Wednesday, August 19, 2009

Django Boundary Iterators

The Django Python web application framework provides tools to parse multi-part form data as any web framework should. In fact, the developer responsible for creating Django web applications need not concern themselves with the underlying parsing machinery. However, it is still there and very accessible.

The Django boundary iterators are used to help parse multi-part form data. These iterators are also general enough to be used in different contexts. The BoundaryIter class collaborates with other iterator classes such as ChunkIter and LazyStream. An example of these classes collaborating are illustrated below.
#Example; Using the Django boundary iterator.

#Imports.
from StringIO import StringIO
from django.http.multipartparser import ChunkIter, BoundaryIter, LazyStream

if __name__=="__main__":
#Boundary data.
b_boundary="-B-"
c_boundary="-C-"

#Example message with two boundaries.
_message="bdata%scdata%s"%(b_boundary, c_boundary)

#Instantiate a chunking iterator for file-like objects.
_chunk_iter=ChunkIter(StringIO(_message))

#Instantiate a lazy data stream using the chunking iterator.
_lazy_stream=LazyStream(_chunk_iter)

#Instantiate two boundary iterators.
_bboundary_iter=BoundaryIter(_lazy_stream, b_boundary)
_cboundary_iter=BoundaryIter(_lazy_stream, c_boundary)

#Display the parsed boundary data.
for data in _bboundary_iter:
print "%s: %s"%(b_boundary, data)

for data in _cboundary_iter:
print "%s: %s"%(c_boundary, data)
In this example, we have a sample message containing two boundaries that is to be parsed.

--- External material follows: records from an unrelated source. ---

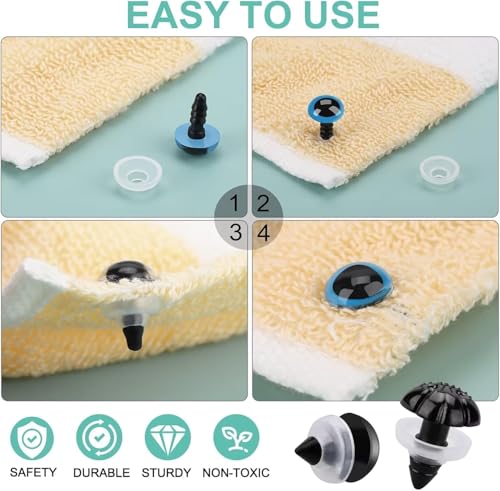 Image of 820 PCS Safety Eyes and Noses for Amigurumi, Stuffed Crochet Eyes with Washers, Craft Doll Eyes and Nose for Teddy Bear Crochet Toy Stuffed Doll and Plush Animal Gifts (820pcs Safety Eyes)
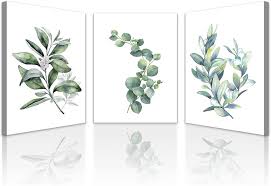 Lapremoly Large Canvas Wall Art For Living Room Modern Wall Decor For Bedroom Plants Green Leaves Wall Paintings Kitchen Home Decorations Pictures Bathroom Posters Prints Artwork Room Mural Works 20in x 28in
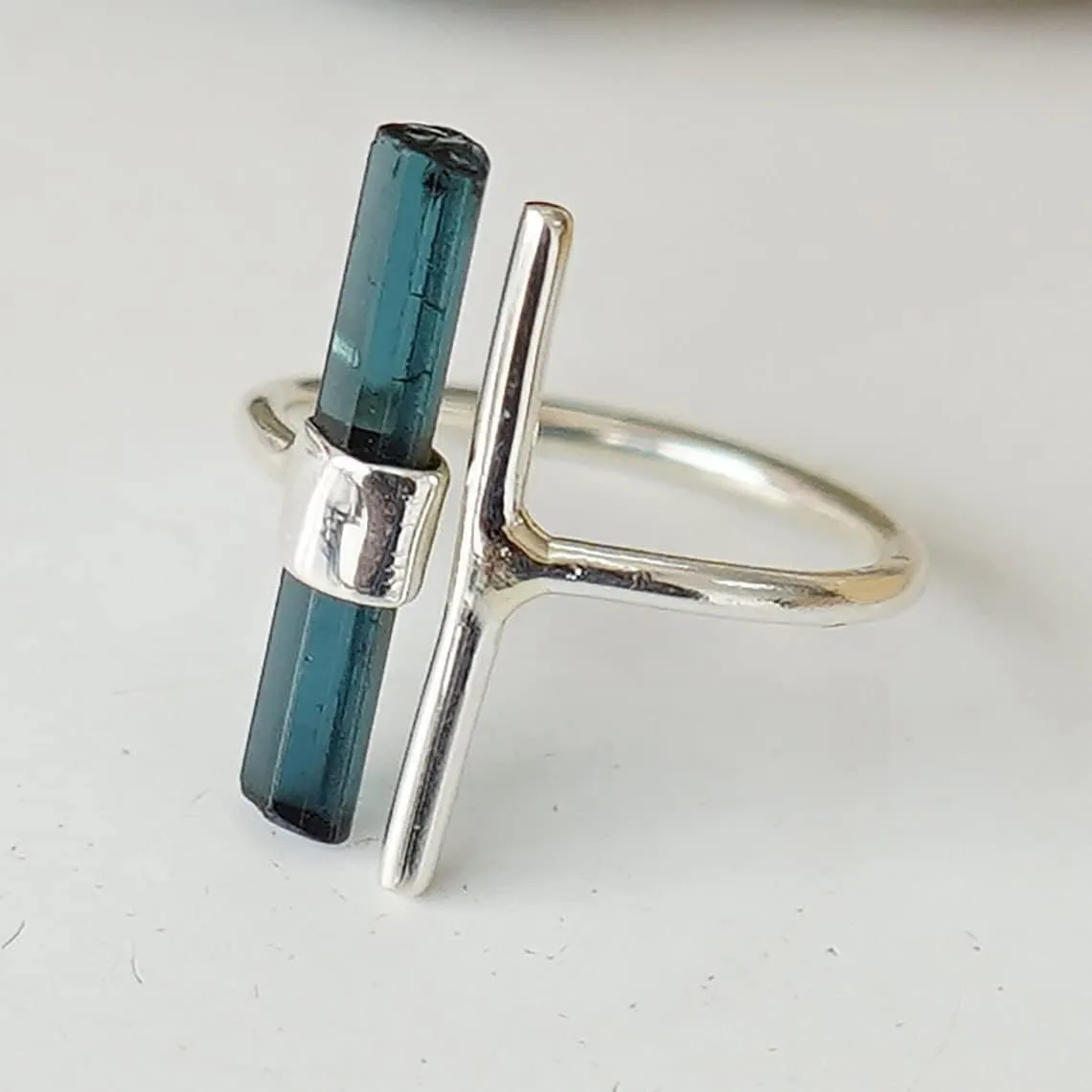 Raw Aquamarine Ring Adjustable Aqua Silver Stick Ring Natural Gemstone 925 Solid Sterling Silver Handmade March Birthstone Jewelry Ring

In order to achieve this, we create three iterators, and a stream. The _chunk_iter iterator is a ChunkIter instance that is a very general iterator used to read a single chunk of data at a time. This iterator expects a file-like object to iterate over. The two boundary iterators, _bboundary_iter and _cboundary_iter, are instances of the BoundaryIter class. This iterators expect both a data stream and a boundary. In this case, a LazyStream instance is passed to the boundary iterators.

We finally display the results of iterating over the boundary iterators. By the time the second iterator is reached, the data stream is now shorter in length.